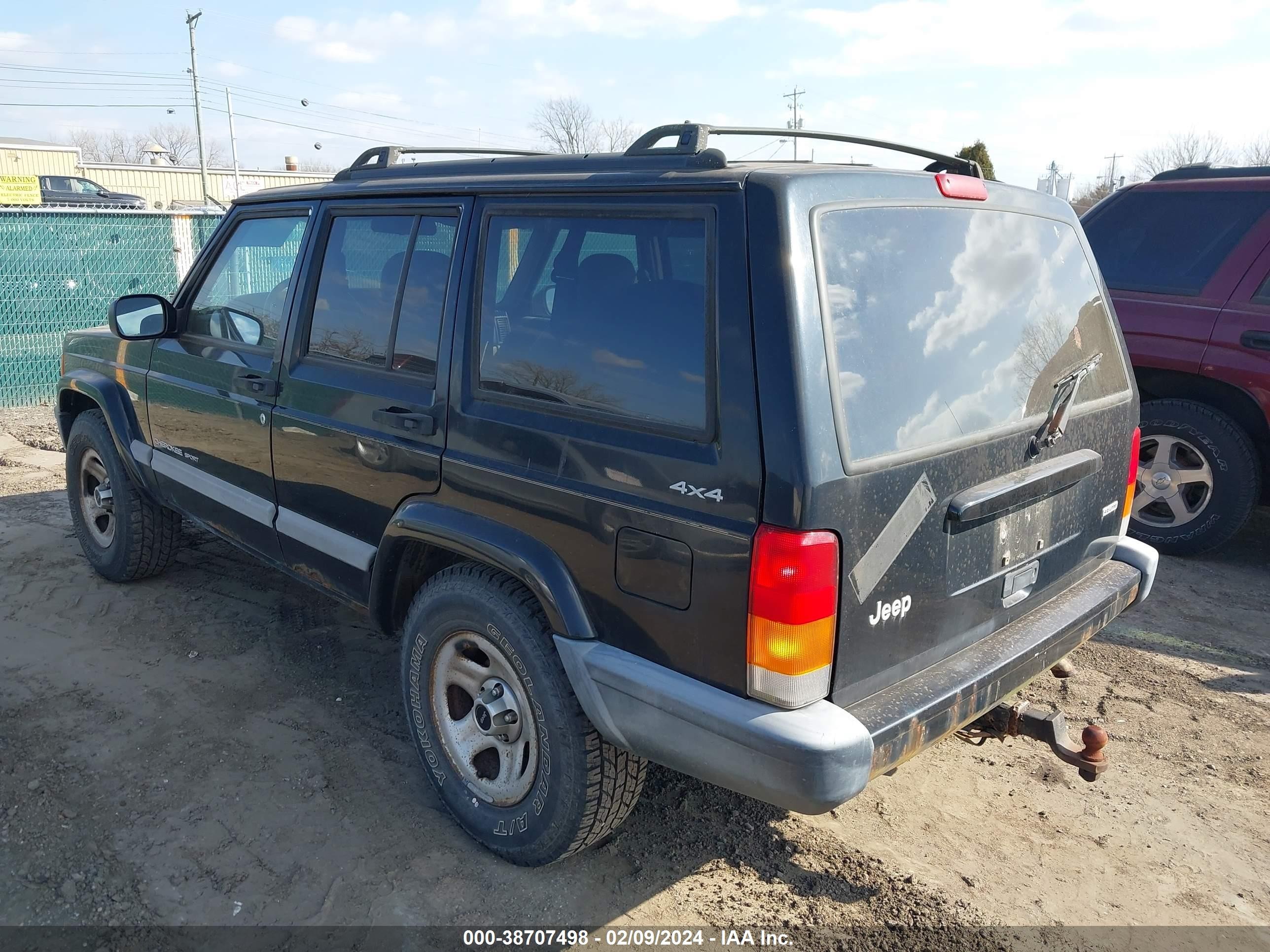 Photo 2 VIN: 1J4FF48S91L594054 - JEEP CHEROKEE 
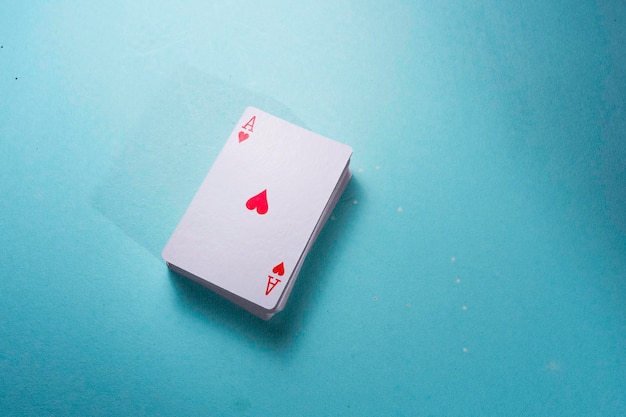 Close up de um conjunto de cartas de jogar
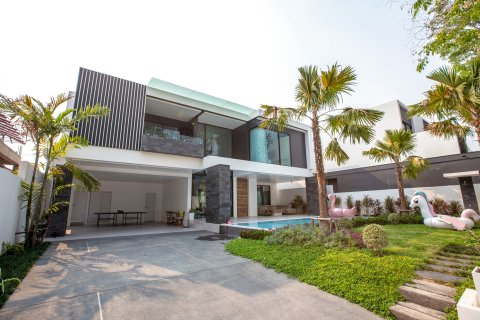 ⑤清迈独栋四房泳池别墅/近古城宁曼路(Chiangmai 4 room swimming pool villa)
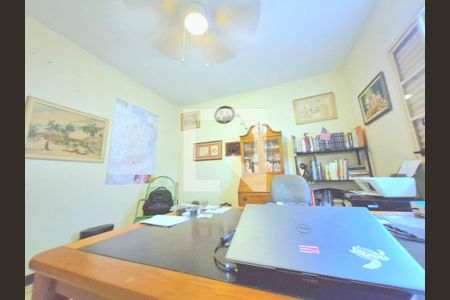 Casa à venda com 235m², 4 quartos e 2 vagas Casa à venda com 235m², 4 quartos e 2 vagasEscritório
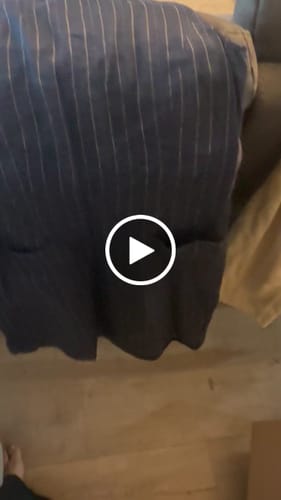 Customer video review of Deluxe & Designer Women’s Secondhand Wholesale Clothing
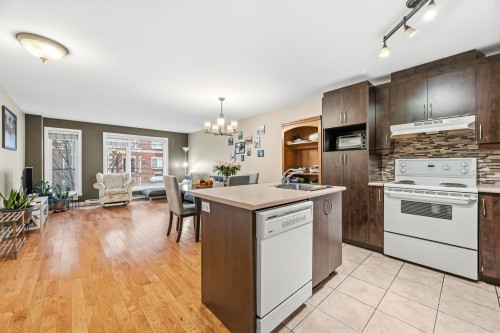 Kitchen - 201-7355 Av. Léonard-De Vinci, Montréal (Villeray/Saint-Michel/Parc-Extension), QC - Indoor Photo Showing Kitchen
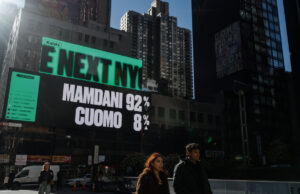 Talvez seja hora de regulamentar os jogos de azar em guerras e eleições ARQUIVO - O procurador-geral do Arizona, Kris Mayes, fala na Prisão Estadual do Arizona, 19 de março de 2025, em Florence, Arizona (AP Photo / Darryl Webb, Arquivo)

+++++

**Brief**
Pictures stay out; the records above are otherwise reproduced exactly.

**Output of the exercise**
 Photo 2 VIN: 1J4FF48S91L594054 - JEEP CHEROKEE 
 Close up de um conjunto de cartas de jogar
 ⑤清迈独栋四房泳池别墅/近古城宁曼路(Chiangmai 4 room swimming pool villa)
 Casa à venda com 235m², 4 quartos e 2 vagas Casa à venda com 235m², 4 quartos e 2 vagasEscritório
 Customer video review of Deluxe & Designer Women’s Secondhand Wholesale Clothing
 Kitchen - 201-7355 Av. Léonard-De Vinci, Montréal (Villeray/Saint-Michel/Parc-Extension), QC - Indoor Photo Showing Kitchen
 Talvez seja hora de regulamentar os jogos de azar em guerras e eleições ARQUIVO - O procurador-geral do Arizona, Kris Mayes, fala na Prisão Estadual do Arizona, 19 de março de 2025, em Florence, Arizona (AP Photo / Darryl Webb, Arquivo)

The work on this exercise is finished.